Once the line containing "Learning gives creativity." has been written out, stop; until then, restate each line of the entries below word for word from the first.

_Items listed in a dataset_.
—————

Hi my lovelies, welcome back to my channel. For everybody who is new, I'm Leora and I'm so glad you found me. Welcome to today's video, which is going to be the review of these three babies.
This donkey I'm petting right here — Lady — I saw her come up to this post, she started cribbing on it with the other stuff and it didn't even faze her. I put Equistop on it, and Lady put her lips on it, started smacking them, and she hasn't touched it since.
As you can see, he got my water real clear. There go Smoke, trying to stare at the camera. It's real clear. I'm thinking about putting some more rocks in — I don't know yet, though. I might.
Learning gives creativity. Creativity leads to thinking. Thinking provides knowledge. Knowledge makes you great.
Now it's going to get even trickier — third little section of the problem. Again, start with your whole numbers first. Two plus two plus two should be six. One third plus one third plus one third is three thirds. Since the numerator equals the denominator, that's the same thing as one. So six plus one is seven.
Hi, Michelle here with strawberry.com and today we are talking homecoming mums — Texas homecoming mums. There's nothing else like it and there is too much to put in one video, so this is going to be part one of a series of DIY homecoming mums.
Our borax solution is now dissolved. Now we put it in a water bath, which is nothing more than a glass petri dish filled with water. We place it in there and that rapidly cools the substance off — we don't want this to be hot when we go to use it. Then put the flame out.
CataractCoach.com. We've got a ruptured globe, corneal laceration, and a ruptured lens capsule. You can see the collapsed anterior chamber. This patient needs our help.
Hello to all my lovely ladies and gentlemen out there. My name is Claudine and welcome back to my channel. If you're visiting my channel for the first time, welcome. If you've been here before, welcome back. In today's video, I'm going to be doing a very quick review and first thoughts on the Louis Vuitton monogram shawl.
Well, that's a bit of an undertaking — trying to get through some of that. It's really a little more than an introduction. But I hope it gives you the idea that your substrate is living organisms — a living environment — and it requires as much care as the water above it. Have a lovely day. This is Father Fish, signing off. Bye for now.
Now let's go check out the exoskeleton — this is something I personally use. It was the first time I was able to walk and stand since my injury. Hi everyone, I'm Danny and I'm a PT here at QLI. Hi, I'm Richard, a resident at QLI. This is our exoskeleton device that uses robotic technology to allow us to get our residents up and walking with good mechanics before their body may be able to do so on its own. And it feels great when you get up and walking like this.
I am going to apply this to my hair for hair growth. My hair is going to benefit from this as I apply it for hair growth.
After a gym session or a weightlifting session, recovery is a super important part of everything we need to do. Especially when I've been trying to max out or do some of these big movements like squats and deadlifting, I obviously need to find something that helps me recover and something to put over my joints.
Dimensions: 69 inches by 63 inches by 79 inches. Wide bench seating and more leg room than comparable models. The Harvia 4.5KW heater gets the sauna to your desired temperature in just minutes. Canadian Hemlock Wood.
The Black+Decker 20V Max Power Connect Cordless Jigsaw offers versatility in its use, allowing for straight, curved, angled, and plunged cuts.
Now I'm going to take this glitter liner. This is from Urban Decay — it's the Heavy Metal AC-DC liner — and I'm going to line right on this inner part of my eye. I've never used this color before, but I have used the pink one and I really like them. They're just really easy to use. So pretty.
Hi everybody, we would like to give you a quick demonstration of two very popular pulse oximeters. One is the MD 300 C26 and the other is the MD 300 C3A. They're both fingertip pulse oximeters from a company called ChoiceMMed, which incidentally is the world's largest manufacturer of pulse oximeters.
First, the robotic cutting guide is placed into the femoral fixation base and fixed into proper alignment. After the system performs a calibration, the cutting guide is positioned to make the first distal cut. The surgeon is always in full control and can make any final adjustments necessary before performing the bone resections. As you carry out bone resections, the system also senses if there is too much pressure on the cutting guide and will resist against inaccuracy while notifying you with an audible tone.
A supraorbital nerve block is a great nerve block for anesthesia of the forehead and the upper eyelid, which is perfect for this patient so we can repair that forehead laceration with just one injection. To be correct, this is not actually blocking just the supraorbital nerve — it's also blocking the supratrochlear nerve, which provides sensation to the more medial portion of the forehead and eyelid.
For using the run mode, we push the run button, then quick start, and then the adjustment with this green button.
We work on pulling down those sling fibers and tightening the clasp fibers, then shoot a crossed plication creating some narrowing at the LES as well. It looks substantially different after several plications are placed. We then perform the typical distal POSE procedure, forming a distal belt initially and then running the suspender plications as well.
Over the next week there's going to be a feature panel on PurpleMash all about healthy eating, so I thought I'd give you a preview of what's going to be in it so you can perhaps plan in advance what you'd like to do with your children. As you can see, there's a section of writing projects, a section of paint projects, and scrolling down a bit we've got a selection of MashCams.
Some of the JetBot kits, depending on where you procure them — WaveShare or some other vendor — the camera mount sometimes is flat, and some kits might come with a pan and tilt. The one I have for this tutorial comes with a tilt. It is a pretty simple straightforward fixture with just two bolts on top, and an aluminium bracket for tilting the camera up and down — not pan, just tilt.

—————

_EXERCISE RESULT_.
Hi my lovelies, welcome back to my channel. For everybody who is new, I'm Leora and I'm so glad you found me. Welcome to today's video, which is going to be the review of these three babies.
This donkey I'm petting right here — Lady — I saw her come up to this post, she started cribbing on it with the other stuff and it didn't even faze her. I put Equistop on it, and Lady put her lips on it, started smacking them, and she hasn't touched it since.
As you can see, he got my water real clear. There go Smoke, trying to stare at the camera. It's real clear. I'm thinking about putting some more rocks in — I don't know yet, though. I might.
Learning gives creativity. Creativity leads to thinking. Thinking provides knowledge. Knowledge makes you great.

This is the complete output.